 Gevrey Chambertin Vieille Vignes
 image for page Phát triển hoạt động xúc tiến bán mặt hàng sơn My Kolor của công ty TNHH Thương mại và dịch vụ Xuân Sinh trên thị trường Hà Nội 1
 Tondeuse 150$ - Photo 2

◆ ◆ ◆ ◆ ◆

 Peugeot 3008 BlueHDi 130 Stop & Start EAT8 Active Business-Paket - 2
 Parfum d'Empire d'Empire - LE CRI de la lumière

◆ ◆ ◆ ◆ ◆

### What you should do
Return a word-for-word copy of the lines above from the one holding "Gevrey Chambertin Vieille Vignes" through the one holding "Tondeuse 150$ - Photo 2", with both of them included and nothing besides.

### Finished exercise
 Gevrey Chambertin Vieille Vignes
 image for page Phát triển hoạt động xúc tiến bán mặt hàng sơn My Kolor của công ty TNHH Thương mại và dịch vụ Xuân Sinh trên thị trường Hà Nội 1
 Tondeuse 150$ - Photo 2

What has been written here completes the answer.